Me, washing my hands in front of a mirror:
There’s a woman reading the bible on the tube. Fighting the urge to lean over to her and say “He dies at the end”.
Create a time machine to the 70s by carpeting your entire toilet.
If you think January has been a big month for marches, you’re gonna lose your mind when you hear what the 3rd month of the year is called.
That blue kool-aid that barbers keep their combs in tastes funny.
I have two selves:
One wants to be skinny and my jeans to fit. The other is a fat, hungry monster who would murder her own grandmother for a butterfinger.

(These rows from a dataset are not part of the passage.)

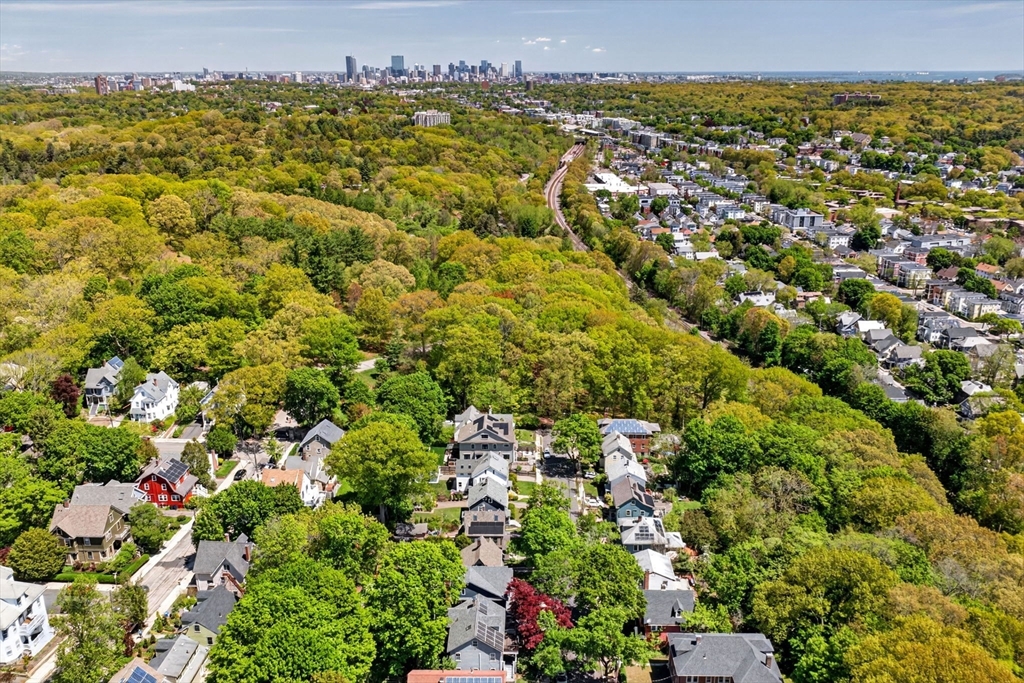 40 Arborough Road Boston, MA 02131 - Photo 32 of 36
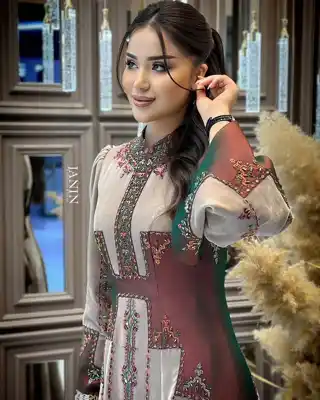 Türkmen fasonlar pombarh fasonlar Fasonlar 2025 fasonlar fason moda modalar Bezen bezen Türkmen fasonlar 2026 Türkmen fasonlar 2025 Türkmen fasonlar 2024 Türkmen fasonlar 2023 turkmenistan türkmenistan turkmen türkmen ashgabat  asgabat aşgabat balkan mary lebap dashoguz dasoguz daşoguz pombarh ponbarhat gulyupek gülýüpek stapel ştapel Gralan Çüýdeşen Abaýa Gadymy Krep Gurultaý 	Keteni Ýüpek Şifon Gipýur Lyon Welwet Atlas Kaşemir Streýç Suzana Ştapel Gülýüpek Pombarh Ýupka Gursakça Aksesuarlar Palto Penjek Okuw eşik Fata Sport eşik Uniforma Nakidka Öýme Şarf kompýuter ýaka ýaglyk Arenda köýnek 2nji el köýnek Taýyn köýnek Matalar Milli lybas milli lybaslar Toý köýnek Toý köýnekler toy koynek toy koynekler gundelik koynekler Gündelik	 
 köýnekler fata koynek Modern taze fason Eskiz koynektm turkmenkoynek türkmenkoynek fason moda moda fasonlar Iş eşik el iş	sada	ýakaly ýakasyz	keşdeli biserli	ýeňli giň nagyşly ýüregi açyk stoýka ýaka ýanly kombinasiýa 	zerli üsti aşak guşakly seçekli gysga ýeňli Toý köýnek el iş, keşdeli, ýakaly, biserli, ýeňli, kombinasiýa 17-25, 26-35 Bežewyý, Goýy-gyzyl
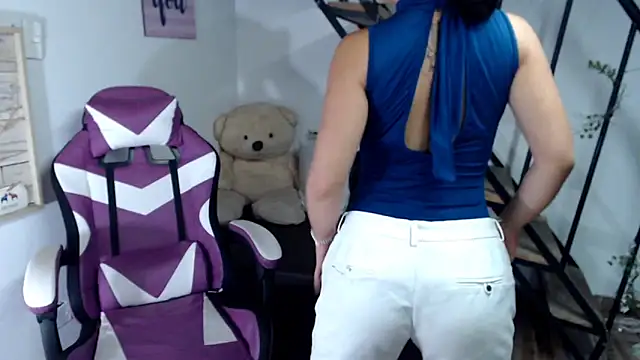 samantha baby  online show from November 15, 5:42 pm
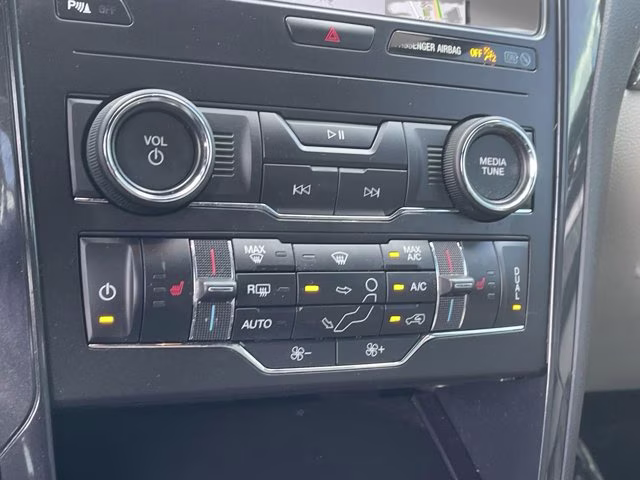 2019 Burgundy Ford Explorer XLT FWD SUV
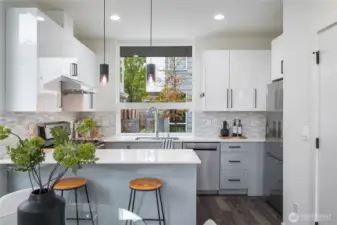Kitchen counter eating space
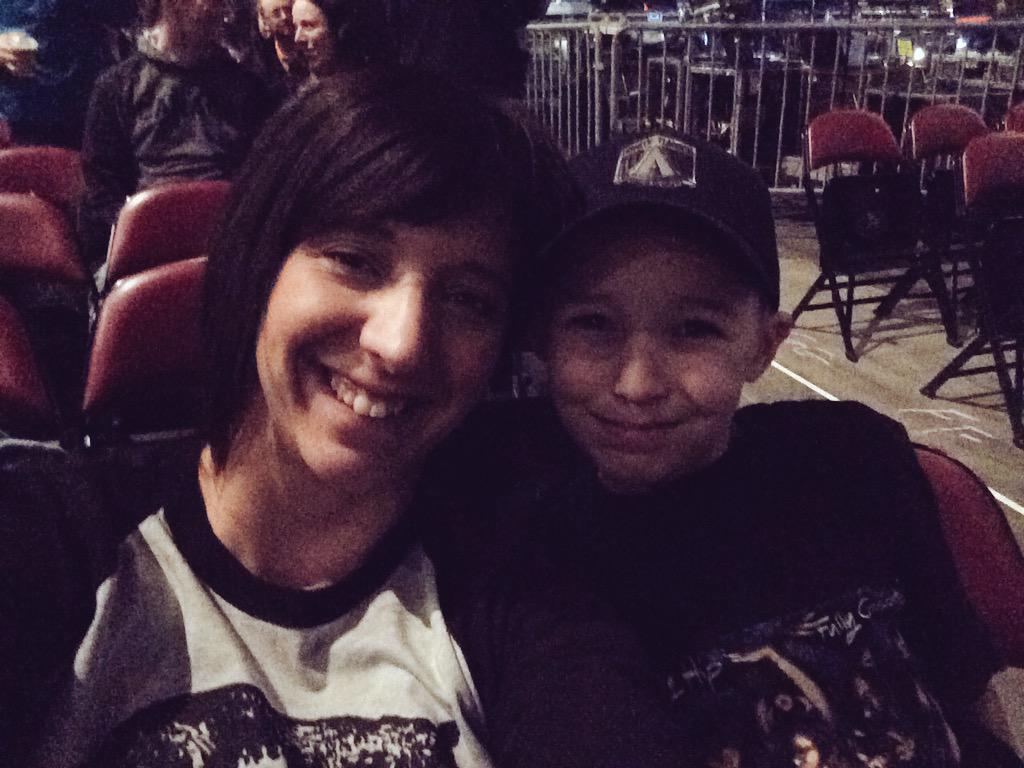 ncobrien's tweet photo. Just got to our seats! Floor DD 29&30! #fullycompletely #mykidsfirstconcert #yay http://t.co/diYs1zxoLD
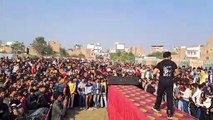 पंजाबी गायक रेशम सिंह अनमोल के गीतों पर विद्यार्थियों ने भंगड़ा डाला ...भाभी थोड़ी एंड आ,हो जदो खेता विच सारा दिन चम सडऩा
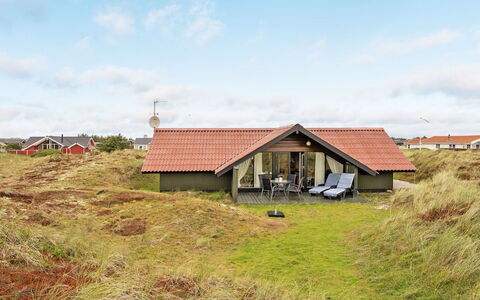 Ardan - from the Sea: Struik, Stedelijk Ontwerp, Groundcover, Steen, Appartement, Landgoed, Metselwerk, Balkon, Landscaping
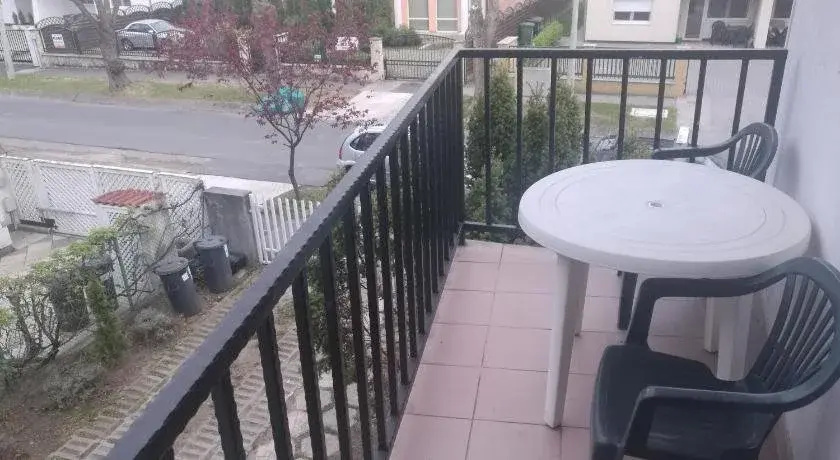 Balcony & Terrace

My friend said she loves to be scared so I dropped her expensive makeup compact onto the floor
I hate the crossword. If someone asked me in person to name “Someone getting dressed for lunch?” and then they smiled wryly and said “salad” I would ruin their life
shout out to the women in the hot dog eating contest who ate 2 dogs in 5 minutes… no competitive streak no urgency just taking the stage for a light lunch
I’m sorry I laughed when you said my cannibal joke was in poor taste.
A Match(.com), but for socks.
“the blood moon rises once again” [the dishes i washed yesterday respawn in my sink]
Fog is like lingerie for the sky.
A girl named ReAnne laying in bed each night wondering if she had an older sister named Anne and where she went wrong
I was called a village idiot today which really upset me. I live in a city.
Me: Haha I just never know what to do with my hands while getting my picture taken.
Cop taking my mugshot: Just hold still.
Yesterday I told my husband I was gonna get rid of all the kid’s toys because the house is full and today he told me I couldn’t buy any new ones, as if he thinks I meant it
COP: Do you know why I stopped you?
HIM: We were going too fast?
COP: Yes. Get to know her first. Don’t just talk about yourself either.
date: i love that you know about plots of land
me: thanks that means a lot
I don’t think you’re a bad person. I just think you’re immature and lack intelligence. Hope that helps!
The average person swallows over 4,000 spiders each year. More than that. Tens of thousands. Hundreds of thousands of spiders. It’s crazy.